Example: Let’s say you are analyzing a software development process. The Activities (Higher) KPI might display 15, indicating that one particular case in the event log had the highest number of activities observed, involving 15 different tasks.

  1. Activities (Lower): This KPI represents the minimum number of activities observed in a single case within the event log. It indicates the lowest number of activities executed in a single instance of the process.

Example: Imagine you are analyzing an order processing process. The Activities (Lower) KPI might show 3, indicating that there is at least one case in the event log with the minimum number of activities observed, involving only 3 tasks.

  1. Min Paths (Case): This KPI represents the minimum number of paths or transitions observed in a single case within the event log. It indicates the lowest number of paths taken by a case.

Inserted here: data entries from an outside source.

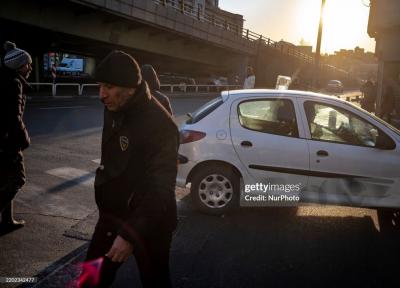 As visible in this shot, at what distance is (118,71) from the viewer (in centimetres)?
234

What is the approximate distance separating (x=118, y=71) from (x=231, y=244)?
9.29ft

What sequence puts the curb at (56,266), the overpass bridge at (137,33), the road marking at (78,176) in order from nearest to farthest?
the curb at (56,266) < the road marking at (78,176) < the overpass bridge at (137,33)

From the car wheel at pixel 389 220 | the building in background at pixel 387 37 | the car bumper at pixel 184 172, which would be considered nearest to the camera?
the car wheel at pixel 389 220

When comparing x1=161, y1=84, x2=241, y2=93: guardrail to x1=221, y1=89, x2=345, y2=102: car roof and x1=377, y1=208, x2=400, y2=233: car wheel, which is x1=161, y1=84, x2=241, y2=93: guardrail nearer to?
x1=221, y1=89, x2=345, y2=102: car roof

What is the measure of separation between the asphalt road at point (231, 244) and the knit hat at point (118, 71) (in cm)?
199

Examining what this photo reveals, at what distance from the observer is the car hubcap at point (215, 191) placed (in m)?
5.48

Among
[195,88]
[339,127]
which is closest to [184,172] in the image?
[339,127]

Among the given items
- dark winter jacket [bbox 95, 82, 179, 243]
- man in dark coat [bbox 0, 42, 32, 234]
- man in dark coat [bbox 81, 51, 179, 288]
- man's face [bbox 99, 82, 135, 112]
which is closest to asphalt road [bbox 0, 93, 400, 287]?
man in dark coat [bbox 0, 42, 32, 234]

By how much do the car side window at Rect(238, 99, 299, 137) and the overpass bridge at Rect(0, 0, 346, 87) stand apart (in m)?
17.4

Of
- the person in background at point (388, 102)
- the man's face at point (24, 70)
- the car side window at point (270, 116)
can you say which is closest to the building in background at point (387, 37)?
the person in background at point (388, 102)

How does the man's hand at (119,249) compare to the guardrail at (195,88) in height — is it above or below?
below

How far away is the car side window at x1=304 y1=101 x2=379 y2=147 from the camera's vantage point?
5.36 meters

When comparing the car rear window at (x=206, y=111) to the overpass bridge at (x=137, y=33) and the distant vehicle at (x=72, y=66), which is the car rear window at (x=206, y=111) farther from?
the distant vehicle at (x=72, y=66)

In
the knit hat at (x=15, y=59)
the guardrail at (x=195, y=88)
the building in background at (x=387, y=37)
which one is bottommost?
the knit hat at (x=15, y=59) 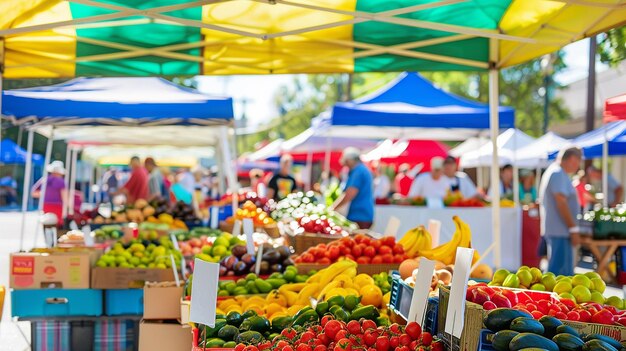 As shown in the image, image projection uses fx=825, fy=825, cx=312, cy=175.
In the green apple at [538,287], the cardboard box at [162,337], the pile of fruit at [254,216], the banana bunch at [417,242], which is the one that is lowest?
the cardboard box at [162,337]

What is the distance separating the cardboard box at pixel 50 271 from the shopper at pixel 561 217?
547cm

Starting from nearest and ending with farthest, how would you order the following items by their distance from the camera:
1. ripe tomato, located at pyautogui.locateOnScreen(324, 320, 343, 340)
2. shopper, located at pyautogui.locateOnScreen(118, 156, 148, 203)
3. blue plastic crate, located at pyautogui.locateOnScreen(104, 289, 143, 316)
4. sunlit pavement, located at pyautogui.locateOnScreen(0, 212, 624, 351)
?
1. ripe tomato, located at pyautogui.locateOnScreen(324, 320, 343, 340)
2. blue plastic crate, located at pyautogui.locateOnScreen(104, 289, 143, 316)
3. sunlit pavement, located at pyautogui.locateOnScreen(0, 212, 624, 351)
4. shopper, located at pyautogui.locateOnScreen(118, 156, 148, 203)

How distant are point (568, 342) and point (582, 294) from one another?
123cm

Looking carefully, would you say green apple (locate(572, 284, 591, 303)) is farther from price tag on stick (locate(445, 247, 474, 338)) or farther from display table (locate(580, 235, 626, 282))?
display table (locate(580, 235, 626, 282))

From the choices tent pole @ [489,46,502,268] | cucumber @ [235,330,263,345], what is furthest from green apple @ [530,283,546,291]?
tent pole @ [489,46,502,268]

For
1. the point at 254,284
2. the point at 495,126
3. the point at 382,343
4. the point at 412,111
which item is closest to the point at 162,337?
the point at 254,284

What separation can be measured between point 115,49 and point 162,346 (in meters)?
3.10

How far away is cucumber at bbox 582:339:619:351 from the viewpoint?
2.92 meters

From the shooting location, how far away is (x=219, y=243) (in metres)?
7.53

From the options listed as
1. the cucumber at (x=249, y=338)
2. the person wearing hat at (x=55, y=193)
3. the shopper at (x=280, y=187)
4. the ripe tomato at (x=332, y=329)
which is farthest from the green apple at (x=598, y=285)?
the person wearing hat at (x=55, y=193)

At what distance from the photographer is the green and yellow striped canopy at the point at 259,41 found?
261 inches

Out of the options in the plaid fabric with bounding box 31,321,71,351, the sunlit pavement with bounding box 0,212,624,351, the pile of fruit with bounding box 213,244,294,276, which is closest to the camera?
the pile of fruit with bounding box 213,244,294,276

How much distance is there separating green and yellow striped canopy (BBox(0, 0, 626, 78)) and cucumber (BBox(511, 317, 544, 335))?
3626 mm

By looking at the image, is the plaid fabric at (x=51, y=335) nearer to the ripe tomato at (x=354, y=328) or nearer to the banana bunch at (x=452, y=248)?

Example: Suppose you are analyzing a customer complaint resolution process. The Min Paths (Case) KPI might display 1, indicating that there is at least one case in the event log with the minimum number of paths observed, representing a straightforward resolution without any deviations or alternative paths.

  1. Max Paths (Case): This KPI represents the maximum number of paths or transitions observed in a single case within the event log. It indicates the highest number of paths taken by a case.

Example: Consider a supply chain process. The Max Paths (Case) KPI might show 5, indicating that there is at least one case in the event log with the maximum number of paths observed, representing a complex supply chain scenario involving multiple decision points and alternative paths.

  1. Paths (Avg/Case): This KPI represents the average number of paths or transitions per case in the event log. It provides insights into the typical number of paths followed by cases.

Example: Let’s say you are analyzing a customer support process. The Paths (Avg/Case) KPI might display an average of 3 paths per case, indicating that, on average, customer support cases follow 3 different paths based on various conditions or decisions.

  1. Paths (SD): This KPI represents the standard deviation of the number of paths per case in the event log. It measures the variation or dispersion in the number of paths across cases.

Example: Suppose you are analyzing a logistics process. The Paths (SD) KPI might show a standard deviation of 1.5, indicating that the number of paths per case varies by approximately 1.5 paths on average.

  1. Min Time: This KPI represents the minimum time spent in the process by a single case within the event log. It indicates the shortest duration from the process start to completion for a specific case.

Example: Imagine you are analyzing an insurance claims process. The Min Time KPI might show 2 days, indicating that there is at least one case in the event log where the claim was processed and resolved within 2 days.

  1. Max Time: This KPI represents the maximum time spent in the process by a single case within the event log. It indicates the longest duration from the process start to completion for a specific case.

Example: Consider a patient treatment process. The Max Time KPI might display 30 days, indicating that there is at least one case in the event log where the patient treatment process took a maximum of 30 days from admission to discharge.

These additional KPIs provide further insights into the characteristics, variations, and durations of activities and paths within the process. By analyzing these KPIs, process analysts can identify outliers, measure process efficiency, and uncover potential areas for improvement.